11.4 Return of Cash Balance. Any
cash balance remaining in a Participants Plan account
following any Purchase Date shall be refunded to the Participant
as soon as practicable after such Purchase Date. However, if the
cash balance to be returned to a Participant pursuant to the
preceding sentence is less than the amount that would have been
necessary to purchase an additional whole share of Stock on such
Purchase Date, the Company may retain the cash balance in the
Participants Plan account to be applied toward the
purchase of shares of Stock in the subsequent Purchase Period or
Offering Period, as the case may be.
11.5 Tax Withholding.
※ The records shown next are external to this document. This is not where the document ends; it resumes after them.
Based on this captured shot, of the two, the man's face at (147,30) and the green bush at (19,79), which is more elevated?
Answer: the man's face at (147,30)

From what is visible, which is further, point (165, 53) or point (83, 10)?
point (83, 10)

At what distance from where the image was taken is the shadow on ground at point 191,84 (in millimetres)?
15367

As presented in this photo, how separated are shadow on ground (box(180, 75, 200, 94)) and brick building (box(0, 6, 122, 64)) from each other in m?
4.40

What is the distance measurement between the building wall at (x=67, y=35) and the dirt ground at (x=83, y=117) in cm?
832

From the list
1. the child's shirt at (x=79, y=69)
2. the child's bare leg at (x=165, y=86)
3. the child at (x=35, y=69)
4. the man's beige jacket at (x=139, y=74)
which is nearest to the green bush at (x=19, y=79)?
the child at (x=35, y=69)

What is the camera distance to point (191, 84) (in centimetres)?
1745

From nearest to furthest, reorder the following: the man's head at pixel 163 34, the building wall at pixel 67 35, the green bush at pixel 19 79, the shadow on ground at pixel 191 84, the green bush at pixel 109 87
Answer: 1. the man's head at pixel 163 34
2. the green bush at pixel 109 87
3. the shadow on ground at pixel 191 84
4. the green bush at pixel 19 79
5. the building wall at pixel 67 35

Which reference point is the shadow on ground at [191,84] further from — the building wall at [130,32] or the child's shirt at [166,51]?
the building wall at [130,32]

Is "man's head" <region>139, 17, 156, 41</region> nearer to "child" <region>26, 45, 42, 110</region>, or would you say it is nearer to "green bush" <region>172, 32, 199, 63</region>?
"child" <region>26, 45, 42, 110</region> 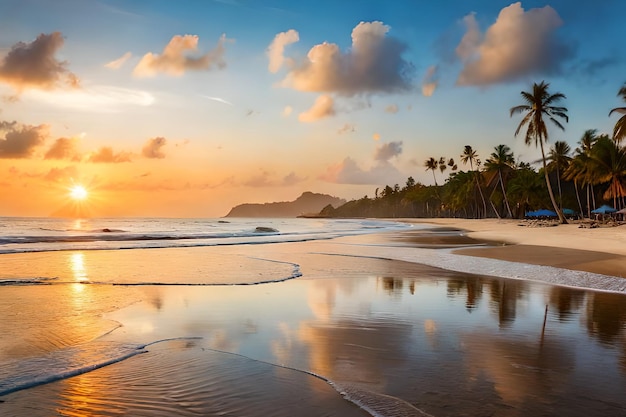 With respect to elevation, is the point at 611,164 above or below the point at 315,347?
above

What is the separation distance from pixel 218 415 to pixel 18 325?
5753 millimetres

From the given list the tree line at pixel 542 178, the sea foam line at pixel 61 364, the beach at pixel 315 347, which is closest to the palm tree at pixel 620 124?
the tree line at pixel 542 178

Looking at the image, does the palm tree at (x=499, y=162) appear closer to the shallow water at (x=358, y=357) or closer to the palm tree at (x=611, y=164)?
the palm tree at (x=611, y=164)

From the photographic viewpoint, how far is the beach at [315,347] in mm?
4781

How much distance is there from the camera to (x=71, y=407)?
466 cm

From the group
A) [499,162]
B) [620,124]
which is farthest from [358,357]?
[499,162]

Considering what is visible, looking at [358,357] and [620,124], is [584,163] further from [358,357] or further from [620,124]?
[358,357]

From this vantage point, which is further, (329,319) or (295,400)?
(329,319)

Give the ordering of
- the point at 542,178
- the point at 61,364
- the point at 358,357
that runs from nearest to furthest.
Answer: the point at 61,364
the point at 358,357
the point at 542,178

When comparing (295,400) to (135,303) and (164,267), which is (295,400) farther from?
(164,267)

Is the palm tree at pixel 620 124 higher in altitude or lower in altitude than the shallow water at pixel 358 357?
higher

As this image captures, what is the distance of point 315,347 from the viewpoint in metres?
6.78

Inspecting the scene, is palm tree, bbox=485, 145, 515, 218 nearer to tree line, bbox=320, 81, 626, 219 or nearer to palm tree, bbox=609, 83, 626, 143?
tree line, bbox=320, 81, 626, 219

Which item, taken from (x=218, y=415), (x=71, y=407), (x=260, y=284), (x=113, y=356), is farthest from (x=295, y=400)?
(x=260, y=284) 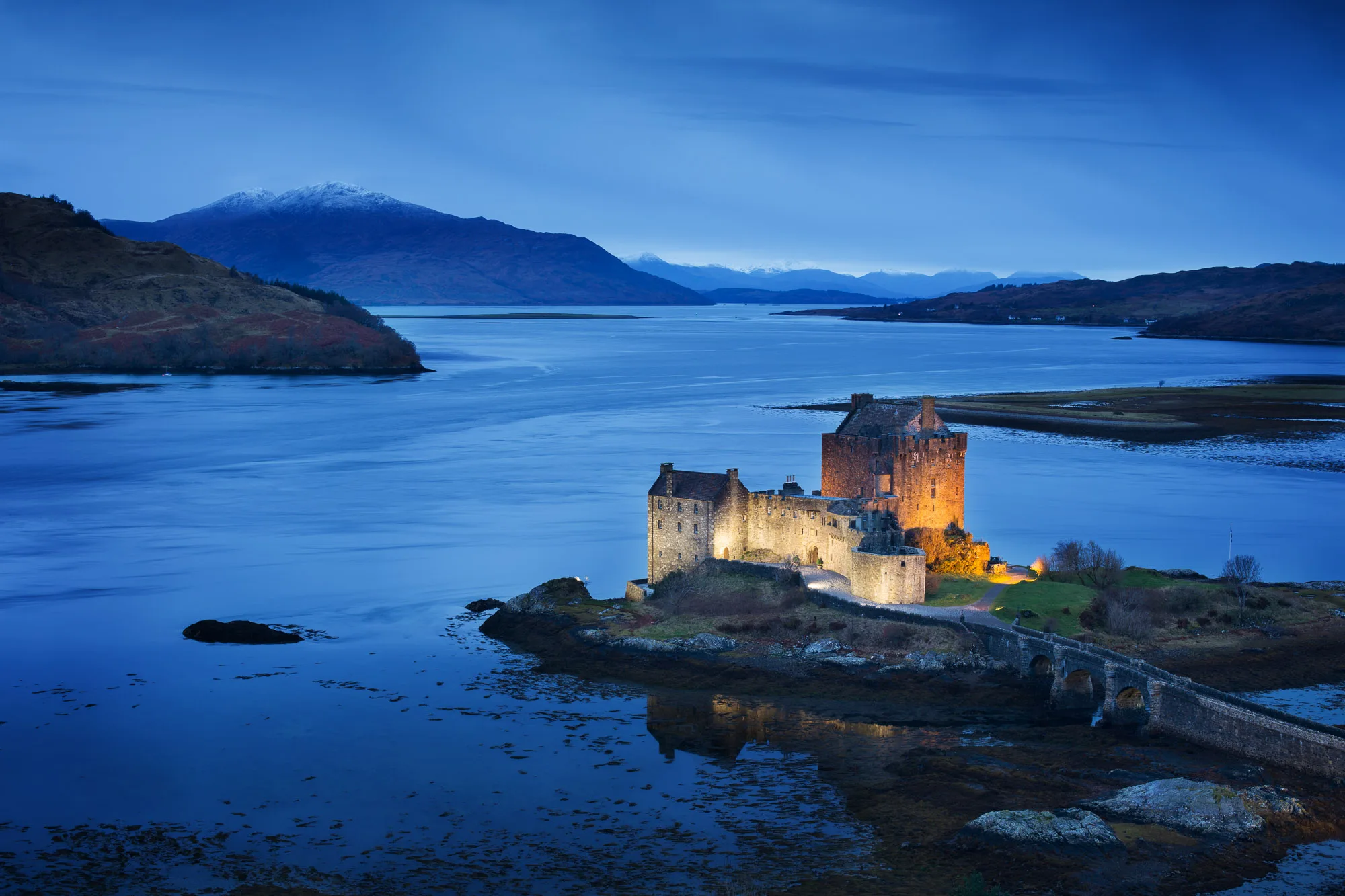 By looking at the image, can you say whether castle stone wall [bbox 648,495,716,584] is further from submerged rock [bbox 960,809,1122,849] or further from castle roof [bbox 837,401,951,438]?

At the time a
Participants Purchase Right is exercised, in whole or in
part, or at the time a Participant disposes of some or all of
the shares of Stock he or she acquires under the Plan, the
Participant shall make adequate provision for the federal,
state, local and foreign tax withholding obligations, if any, of
the Participating Company Group which arise upon exercise of the
Purchase Right or upon such disposition of shares, respectively.
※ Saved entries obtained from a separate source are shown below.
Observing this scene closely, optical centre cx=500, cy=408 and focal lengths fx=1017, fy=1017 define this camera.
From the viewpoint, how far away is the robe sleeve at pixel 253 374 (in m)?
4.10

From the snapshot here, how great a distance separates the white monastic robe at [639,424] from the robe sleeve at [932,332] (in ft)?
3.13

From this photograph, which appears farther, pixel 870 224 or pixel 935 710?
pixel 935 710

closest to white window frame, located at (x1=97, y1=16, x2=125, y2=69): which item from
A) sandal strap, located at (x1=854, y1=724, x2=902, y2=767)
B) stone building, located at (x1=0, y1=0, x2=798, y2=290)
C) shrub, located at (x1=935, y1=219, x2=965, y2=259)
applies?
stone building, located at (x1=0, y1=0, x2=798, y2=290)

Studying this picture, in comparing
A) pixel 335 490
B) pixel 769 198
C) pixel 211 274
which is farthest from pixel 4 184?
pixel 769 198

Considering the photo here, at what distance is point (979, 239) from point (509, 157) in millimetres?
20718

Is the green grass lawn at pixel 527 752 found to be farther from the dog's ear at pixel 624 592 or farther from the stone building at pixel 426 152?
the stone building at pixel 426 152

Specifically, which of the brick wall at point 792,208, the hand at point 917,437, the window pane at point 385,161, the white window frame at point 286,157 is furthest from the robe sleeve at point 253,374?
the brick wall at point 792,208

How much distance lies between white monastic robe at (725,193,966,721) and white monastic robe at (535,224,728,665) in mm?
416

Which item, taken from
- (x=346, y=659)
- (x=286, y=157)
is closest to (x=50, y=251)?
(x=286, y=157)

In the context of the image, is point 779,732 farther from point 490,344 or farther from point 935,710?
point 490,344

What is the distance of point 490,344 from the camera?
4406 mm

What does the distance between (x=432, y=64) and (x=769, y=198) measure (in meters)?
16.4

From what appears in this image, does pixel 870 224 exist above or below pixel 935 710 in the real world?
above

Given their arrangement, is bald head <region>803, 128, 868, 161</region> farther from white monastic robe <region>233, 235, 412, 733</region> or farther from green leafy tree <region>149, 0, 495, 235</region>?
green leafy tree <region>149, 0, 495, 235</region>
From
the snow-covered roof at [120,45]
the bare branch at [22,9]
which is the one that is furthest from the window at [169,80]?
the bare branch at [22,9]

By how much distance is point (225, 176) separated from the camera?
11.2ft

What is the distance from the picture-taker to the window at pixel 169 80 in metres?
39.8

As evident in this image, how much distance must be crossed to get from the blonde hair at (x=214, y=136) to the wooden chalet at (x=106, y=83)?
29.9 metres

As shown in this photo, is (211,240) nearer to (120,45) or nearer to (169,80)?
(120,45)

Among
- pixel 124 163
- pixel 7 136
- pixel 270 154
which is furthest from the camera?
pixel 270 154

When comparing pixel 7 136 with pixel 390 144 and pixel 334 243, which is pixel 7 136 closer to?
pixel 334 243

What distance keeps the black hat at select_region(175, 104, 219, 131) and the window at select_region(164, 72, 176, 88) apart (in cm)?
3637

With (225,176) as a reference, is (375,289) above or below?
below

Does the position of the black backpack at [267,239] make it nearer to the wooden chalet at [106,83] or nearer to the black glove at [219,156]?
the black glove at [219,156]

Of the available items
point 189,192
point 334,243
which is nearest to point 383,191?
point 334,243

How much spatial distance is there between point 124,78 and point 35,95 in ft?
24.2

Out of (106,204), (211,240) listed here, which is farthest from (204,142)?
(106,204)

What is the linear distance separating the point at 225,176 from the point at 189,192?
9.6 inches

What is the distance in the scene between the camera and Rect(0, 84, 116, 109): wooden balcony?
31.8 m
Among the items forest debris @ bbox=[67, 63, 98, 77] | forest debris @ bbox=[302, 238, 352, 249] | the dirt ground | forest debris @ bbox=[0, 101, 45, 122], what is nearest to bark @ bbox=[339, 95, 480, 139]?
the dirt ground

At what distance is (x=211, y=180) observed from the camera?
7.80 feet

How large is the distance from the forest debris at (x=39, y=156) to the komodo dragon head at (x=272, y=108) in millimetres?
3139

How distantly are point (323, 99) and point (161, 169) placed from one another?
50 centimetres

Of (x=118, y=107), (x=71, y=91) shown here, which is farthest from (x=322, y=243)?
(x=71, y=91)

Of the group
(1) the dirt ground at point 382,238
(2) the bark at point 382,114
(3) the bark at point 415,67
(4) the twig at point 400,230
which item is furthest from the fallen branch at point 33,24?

The Participating Company Group may, but shall not be obligated
to, withhold from the Participants compensation the amount
necessary to meet such withholding obligations.
11.6 Expiration of Purchase
Right. Any portion of a Participants
Purchase Right remaining unexercised after the end of the
Offering Period to which the Purchase Right relates shall expire
immediately upon the end of the Offering Period.
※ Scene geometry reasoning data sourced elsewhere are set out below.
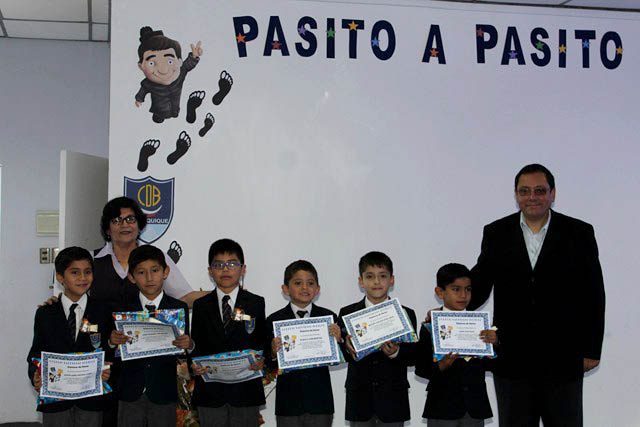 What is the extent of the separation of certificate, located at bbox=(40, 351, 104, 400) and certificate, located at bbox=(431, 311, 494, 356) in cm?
174

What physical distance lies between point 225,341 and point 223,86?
2.15 m

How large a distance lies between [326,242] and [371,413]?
1.72m

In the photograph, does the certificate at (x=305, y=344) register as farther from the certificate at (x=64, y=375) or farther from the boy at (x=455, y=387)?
the certificate at (x=64, y=375)

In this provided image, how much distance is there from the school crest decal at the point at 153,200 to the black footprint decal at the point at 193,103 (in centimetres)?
47

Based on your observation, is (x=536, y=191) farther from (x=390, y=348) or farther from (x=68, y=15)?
(x=68, y=15)

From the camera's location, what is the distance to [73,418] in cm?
363

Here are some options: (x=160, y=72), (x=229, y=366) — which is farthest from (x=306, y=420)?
(x=160, y=72)

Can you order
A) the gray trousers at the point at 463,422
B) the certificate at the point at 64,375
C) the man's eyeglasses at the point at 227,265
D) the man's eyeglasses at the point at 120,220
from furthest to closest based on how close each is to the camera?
the man's eyeglasses at the point at 120,220, the man's eyeglasses at the point at 227,265, the gray trousers at the point at 463,422, the certificate at the point at 64,375

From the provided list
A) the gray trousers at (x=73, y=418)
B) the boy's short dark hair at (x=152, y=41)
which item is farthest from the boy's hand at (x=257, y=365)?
the boy's short dark hair at (x=152, y=41)

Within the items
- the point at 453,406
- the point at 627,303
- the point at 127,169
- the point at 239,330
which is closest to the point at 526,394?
the point at 453,406

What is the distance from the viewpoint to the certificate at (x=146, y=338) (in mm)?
3559

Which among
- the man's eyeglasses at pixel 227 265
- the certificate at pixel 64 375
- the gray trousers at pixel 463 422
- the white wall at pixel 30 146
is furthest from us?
the white wall at pixel 30 146

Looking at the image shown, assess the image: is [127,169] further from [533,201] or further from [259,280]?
[533,201]

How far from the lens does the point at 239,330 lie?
3.74 meters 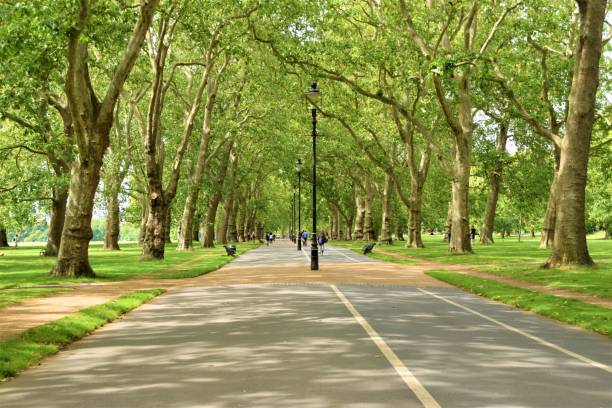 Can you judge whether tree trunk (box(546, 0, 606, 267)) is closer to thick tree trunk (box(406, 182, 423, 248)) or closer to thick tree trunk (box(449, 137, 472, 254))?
thick tree trunk (box(449, 137, 472, 254))

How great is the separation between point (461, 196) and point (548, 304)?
22056mm

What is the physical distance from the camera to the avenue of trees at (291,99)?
21.2 meters

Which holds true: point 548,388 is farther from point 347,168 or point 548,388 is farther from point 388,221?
point 347,168

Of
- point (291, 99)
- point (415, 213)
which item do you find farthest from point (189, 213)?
point (415, 213)

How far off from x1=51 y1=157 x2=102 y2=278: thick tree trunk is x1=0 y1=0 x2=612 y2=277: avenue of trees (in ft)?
0.15

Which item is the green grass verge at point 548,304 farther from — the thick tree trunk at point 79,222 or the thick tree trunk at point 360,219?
the thick tree trunk at point 360,219

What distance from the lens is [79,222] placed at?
69.7 feet

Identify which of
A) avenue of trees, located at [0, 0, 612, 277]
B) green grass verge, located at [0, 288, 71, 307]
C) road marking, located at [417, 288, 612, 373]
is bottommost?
road marking, located at [417, 288, 612, 373]

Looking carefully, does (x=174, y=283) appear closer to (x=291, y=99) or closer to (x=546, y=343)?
(x=546, y=343)

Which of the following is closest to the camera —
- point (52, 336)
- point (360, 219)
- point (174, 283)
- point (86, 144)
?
point (52, 336)

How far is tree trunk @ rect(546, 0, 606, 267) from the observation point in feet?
74.2

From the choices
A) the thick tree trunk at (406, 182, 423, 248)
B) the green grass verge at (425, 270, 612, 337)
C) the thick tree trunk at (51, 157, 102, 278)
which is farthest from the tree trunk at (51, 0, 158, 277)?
the thick tree trunk at (406, 182, 423, 248)

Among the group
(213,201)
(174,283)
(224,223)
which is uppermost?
(213,201)

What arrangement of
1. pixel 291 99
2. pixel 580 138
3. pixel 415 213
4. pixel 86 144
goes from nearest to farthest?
pixel 86 144
pixel 580 138
pixel 291 99
pixel 415 213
11.7 Provision of Reports and Stockholder
Information to Participants. Each Participant who has
exercised all or part of his or her Purchase Right shall
receive, as soon as practicable after the Purchase Date, a
report of such Participants Plan account setting forth the
total payroll deductions accumulated prior to such exercise, the
number of shares of Stock purchased, the Purchase Price for such
shares, the date of purchase and the cash balance, if any,
remaining immediately after such purchase that is to be refunded
or retained in the Participants Plan account pursuant to
Section 11.4. The report required by this Section may be
delivered in such form and by such means, including by
electronic transmission, as the Company may determine. In
addition, each Participant shall be provided information
concerning the Company equivalent to that information provided
generally to the Companys common stockholders.
12. ESPP
Brokerage
Account.
12.1 The Company may require that the shares
purchased on behalf of each Participant shall be deposited
directly into a brokerage account which the Company shall
establish for the Participant at a Company-designated brokerage
firm. The account will be known as the ESPP Brokerage Account.
The following policies and procedures shall be in place for any
shares deposited into the Participants ESPP Broker Account
until those shares have been held for the requisite period
necessary to avoid a disqualifying disposition under the federal
tax laws. Accordingly, the shares must be held in the ESPP
Brokerage Account until the later of the following two periods:
(i) the end of the two (2)-year period measured from the
start date of the Offering Period in which the shares were
purchased and (ii) the end of the one (1)-year measured
from the actual Purchase Date of those shares.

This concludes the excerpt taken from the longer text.